A familiar starting point: good intentions, limited structure


At first glance, the organisation was not starting from zero.


There were clear initiatives in place that reflected responsible behaviour and an inclusive culture: flexible working arrangements, company vehicles, investments in energy efficiency, conscious design choices, and an open approach to hiring people from diverse backgrounds. These actions were genuine and meaningful.


What was missing was coherence.


There was no overarching ESG or sustainability framework, no defined governance structure, and no clear understanding of the organisation’s environmental footprint. Carbon emissions had never been assessed, and ESG responsibilities were not anchored at management level.


In other words, sustainability existed, but only in fragments.



The challenge: multiple requirements, limited time


The immediate objective was clear: obtain both the ESR label and an EcoVadis certification within a tight timeframe, while also preparing for future requirements.

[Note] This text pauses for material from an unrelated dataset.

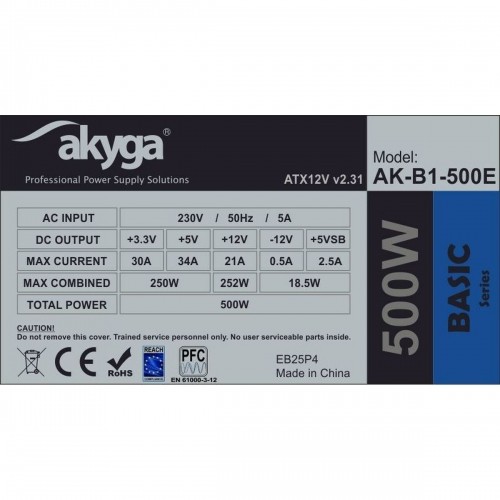 Источник питания Akyga AK-B1-500E 500 W RoHS CE REACH ATX image 2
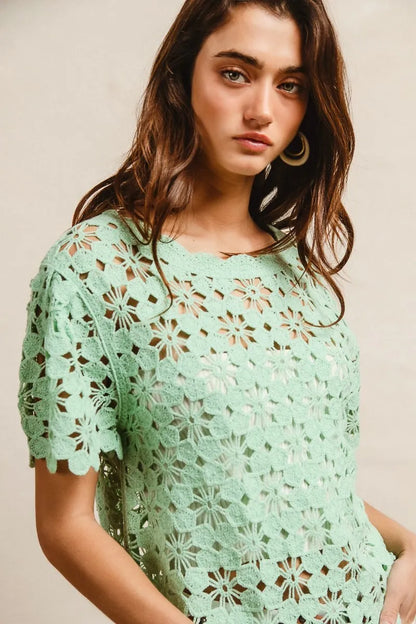 BiBi Openwork Crochet Short Sleeve Knit Top - Tigbul's Variety Fashion Shop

This meant navigating several layers at once:


  • understanding the expectations behind different ESG frameworks

  • assessing current practices against concrete criteria

  • identifying gaps without overwhelming the organisation

  • and ensuring that documentation, governance, and processes were audit-ready

My role, working alongside partners, was to bring structure to this complexity.

The first step was a thorough gap analysis against both the ESR and EcoVadis requirements, complemented by an ISO 14001 gap analysis and GHG Protocol carbon accounting, carried out with specialised partners. This allowed us to see not only where the organisation stood, but also how different frameworks overlapped and where they didn’t.


From there, we focused on prioritisation: what needed to be addressed immediately to meet certification requirements, and what could be approached progressively over time.



From compliance to direction


One of the most important parts of the engagement was not the documentation itself, but the conversations it triggered.


As governance structures were put in place and responsibilities clarified, ESG moved from being a “topic” to being a management responsibility. A clear owner at management level was appointed, ensuring that ESG would not remain an ad-hoc effort.


Alongside the preparation of documentation and submissions, we developed a roadmap designed to help the organisation improve its ESG performance over time and beyond the immediate certifications. This was essential to avoid a “tick-the-box” outcome.


The certifications were achieved on time and faster than is often the case for organisations navigating these processes for the first time. More importantly, ESG is now anchored as a strategic topic, rather than something to be addressed only when external pressure arises.



A broader insight: ESG is still too often reactive


This case reflects a pattern I see frequently.


Many organisations only engage seriously with ESG once supply chain pressure becomes tangible, such as when tenders are at risk, customer requirements change, or regulations tighten. At that point, timelines are short and choices are constrained.


A more forward-looking approach would allow organisations to:


  • position themselves more strongly with customers and partners

  • make better, less rushed decisions

  • and turn ESG into a source of resilience rather than friction


ESG is no longer a question of if, but of when and how prepared an organisation is when that moment arrives.



Looking ahead


For this organisation, the journey has only started. The foundations are now in place: governance, clarity, and a roadmap for improvement.


For others, the lesson is simple but important: waiting until ESG becomes urgent limits strategic options. Approaching it early, deliberately, and with the right structure creates space — for better decisions, stronger positioning, and long-term value.